In many cases the answer is yes, so those who remain in these professions are increasingly sought after, meaning they can get paid more than they used to for doing the same job, and the best can charge whatever they like.
Fo a Chef the relationship with food is too personal to be automated, the passion and love for cooking, and eating, simply can’t be replaced.
So for Chefs it is slightly different, yes you will/are being paid more, but you have less help and the number of diners is only going up, in fact eating out is increasing at a faster rate now than before the financial crisis. You are now working harder for that money and doing more.
Of course you can always blame the restaurants for pushing for more, more seats, bigger menu, faster turning tables. But they are just caught up in the same loop as chefs, just from a different direction.
There are more restaurants opening, so even though more people are eating out, more restaurants mean the upsurge is negated, also more restaurants means more demand for more chefs, making the loop spin quicker.
And margins are tight, chains with increased buying power and super efficient systems and models mean they can charge less, putting pressure on independents, who have to maximise busy times by more seats, faster turnover, bigger menus.
You see where I am going.
Whats the answer? Technology?
Professional kitchens remain in digital darkness, yes we have lots of new cooking equipment and methods, water baths, immersion circulators, smoking guns, printed food, but these only add jobs and further complication to dishes,
OK, water baths can help improve quality and efficiency, but only if used right.
We have internet connected ovens and dishwashers but nobody really knows what to do with them, I recall a chef demo-ing the latest internet connected combi, the only use he could find for the in built USB port was for charging his phone, a £15000 phone charger.
Not since the stand mixer was invented in 1908, and commis no longer needed arms like Popeye, has there been a truly timesaving piece of equipment introduced.
Of course your combi can track cooking times and temperatures, but where does this info go?
You can download recipes but I have yet to meet a chef who uses them.
We can’t replace a chef’s sense of taste, touch or technique, so stop trying, robotic chefs is an interesting idea but it will never happen at a high level, cooking burgers in a fast food chain, maybe, but beyond that…
Real Chef tech solutions will come by replacing the tasks you don’t need chefs doing, which is basically everything except for creating dishes and cooking.
So how can technology help chefs:
- Food Safety Records, these are vital, yet time consuming for kitchen staff, so we have got rid of the paper and we have an app for that (shameless plug)
- Self cleaning ovens.
- Internet connected fridges that automatically record temperatures and alert you when it breaks, or the commis turns it off. (again, another shameless plug)
- Machine learning menu programmes that adjust to your style of menu and suggest dishes taking into account seasonal availability and market prices.
- Big Data POS systems that track what sells, when it sells and with the best margins.

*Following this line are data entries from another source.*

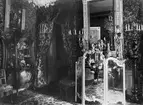 Interiör från sekelskiftesrum 1800-1900-tal. Salong på Floragatan 5, Östermalm, Stockholm 1891-1927.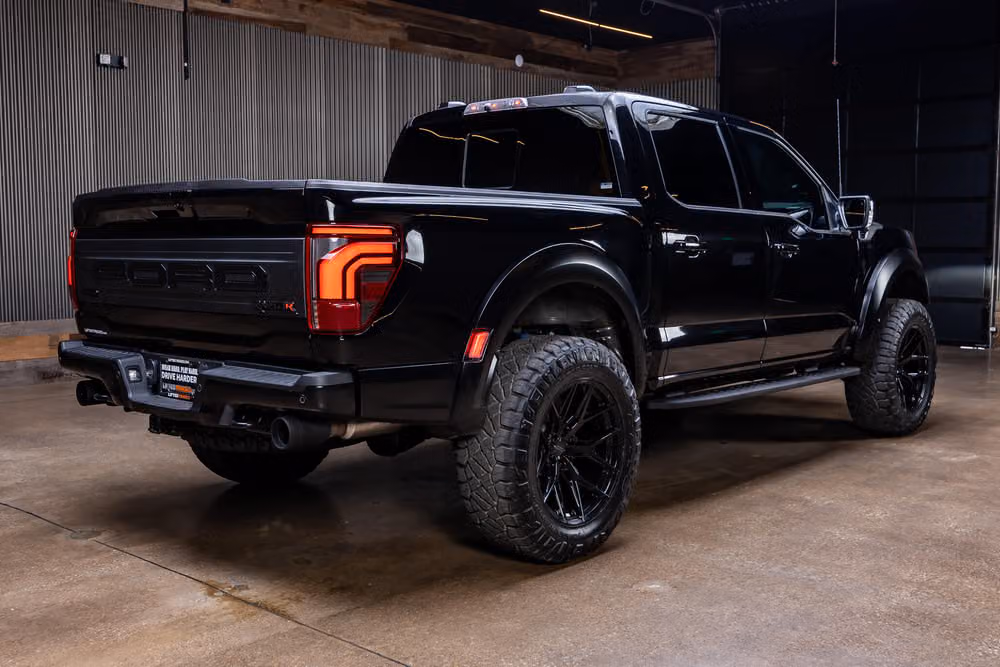 2025 Ford F-150 Raptor R SuperCrew Image 11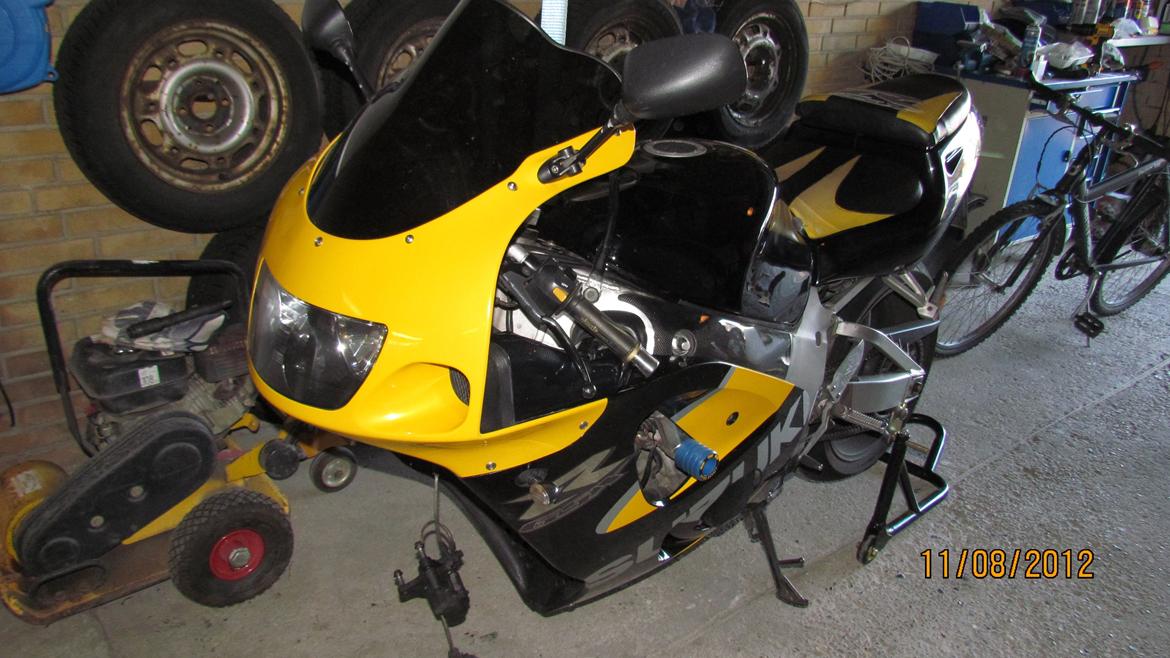 Suzuki GSX-R 750 Srad (Til Salg) billede 8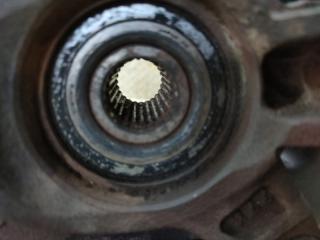 Ступица правая передняя SUBARU STELLA RN1 EN07 5 ракурс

And predict when you will be busy and accurately predict how much food you will need, minimising waste.
- Automated marketing, getting better all the time, removing the need to spend hours emailing customers, designing flyers, putting up social media posts.
Mobile Technology allows customers to read the menu, order and pay without having to talk to a waiter, all in the interest of time saving and convenience, but does it really save time?
We still need the waiter to fulfil the drinks order and bring it to the table and we still need the chef to prep cook and serve the food.
The idea of customers having complete control over when to arrive, what to order and when would terrify most sit in restaurants, a waiter’s job is much more than transporting food from kitchen to customer, they are there to manage the flow, act as communication between the kitchen and customer, and ensure customer satisfaction.
I think food is too personal to be automated.
So where do we go?
I think we are now just beginning to explore that question in relation to BOH operations, the questions are difficult, the answers will be more so, but it’s a challenge that we are beginning to address, and for me personally, after 25+ years in professional kitchens, an exciting journey to undertake!